Wood described the problems of witness testimony and police and prosecutorial misconduct that led Omar Martinez to find himself serving a life sentence for a crime he didn’t commit. At the age of 19, Martinez was asked, after a seven-hour interrogation and without a lawyer or parent present, to sign a confession in English though he didn’t speak the language. Martinez signed, not knowing what the document said but hoping it would get him out of trouble.
Martinez spoke movingly about his feelings of abandonment in prison, how his first lawyer failed him, and how the interpreter assigned to his case neglected to interpret the legal proceedings fully and assumed his guilt. When Wood began to represent him, he said, he first started to have some hope.
After Martinez described his incarceration and emotional struggles upon release, students had an opportunity to ask questions. One asked about his first day in prison. Martinez said he was placed in a cell with a man who confessed to murder in a crime related to the one that he, Martinez, had been accused of, making him a suspect in the crime for which Martinez was sentenced. He didn’t sleep for 72 hours for fear of his cellmate.

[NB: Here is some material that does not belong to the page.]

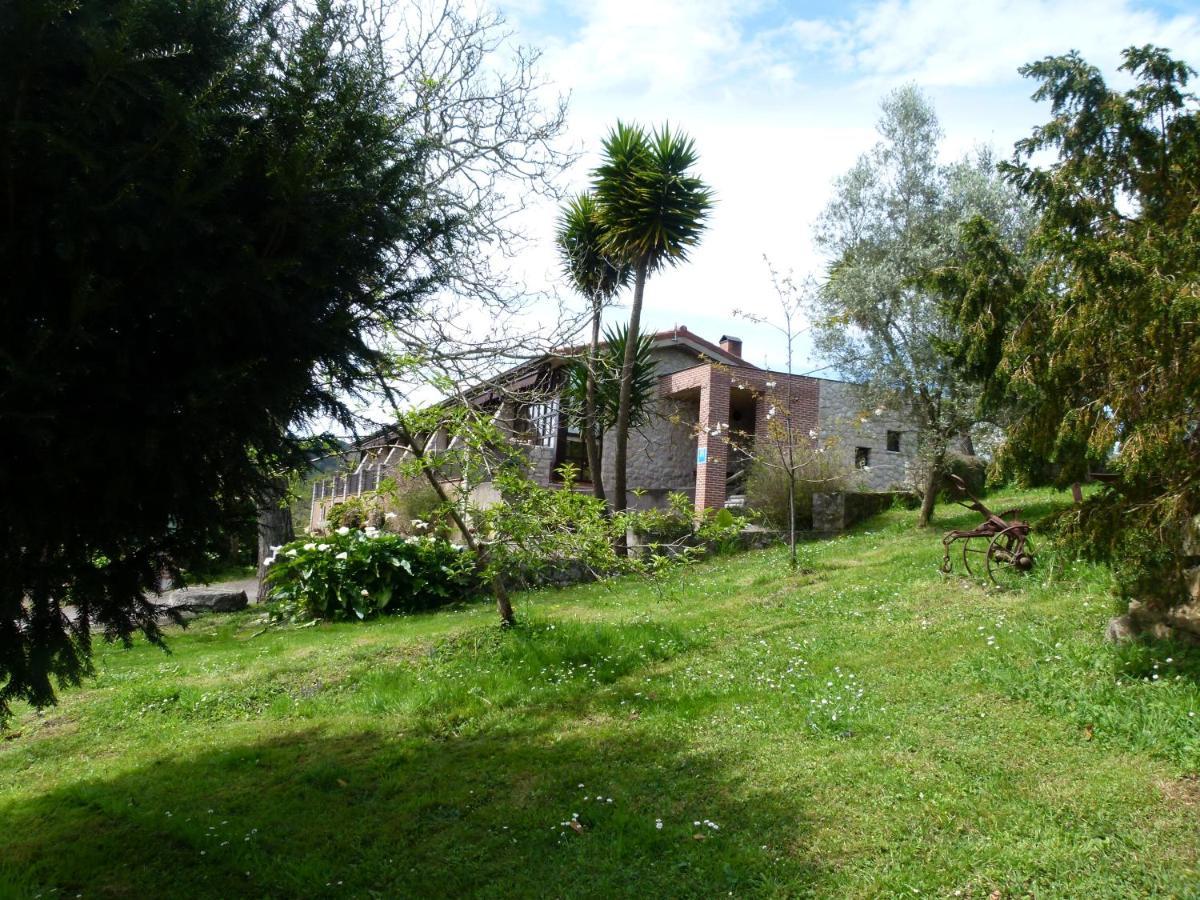 Hotel Finca Los Venancios Bones 외부 사진
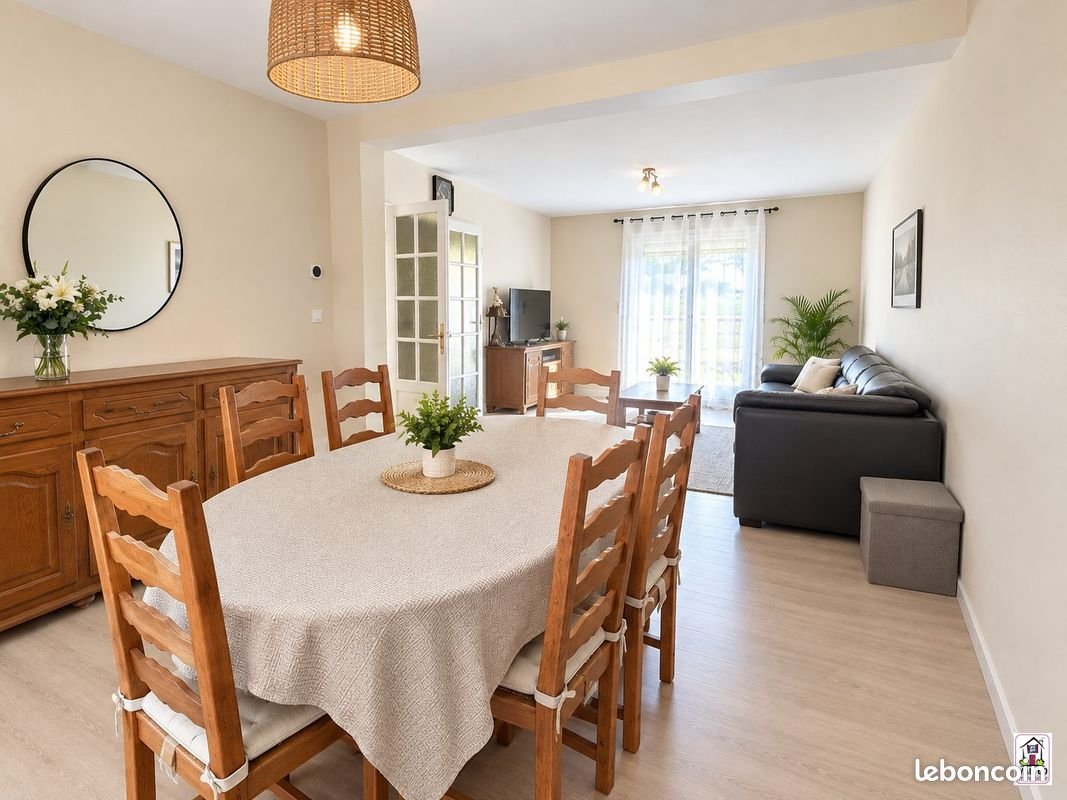 Maison à vendre, 130m², Fitz-James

Students asked what rights he had to a competent interpreter (none) and whether the prosecutor who withheld evidence from a witness who could demonstrate Martinez’s innocence had faced any consequences (no).
Wood and Whitmore both emphasized the widespread problem of false confessions, the cause of Martinez’s incarceration — one of several factors contributing to wrongful criminal conviction, which this day of awareness was established to make more visible. Resources developed by the Boston College Innocence Program, the New England Innocence Project, and the CPCS Innocence Program (from the Committee for Public Counsel Services, the Massachusetts state agency tasked with providing lawyers to people who cannot afford an attorney) educated students about steps they can take to make their voices heard about this issue.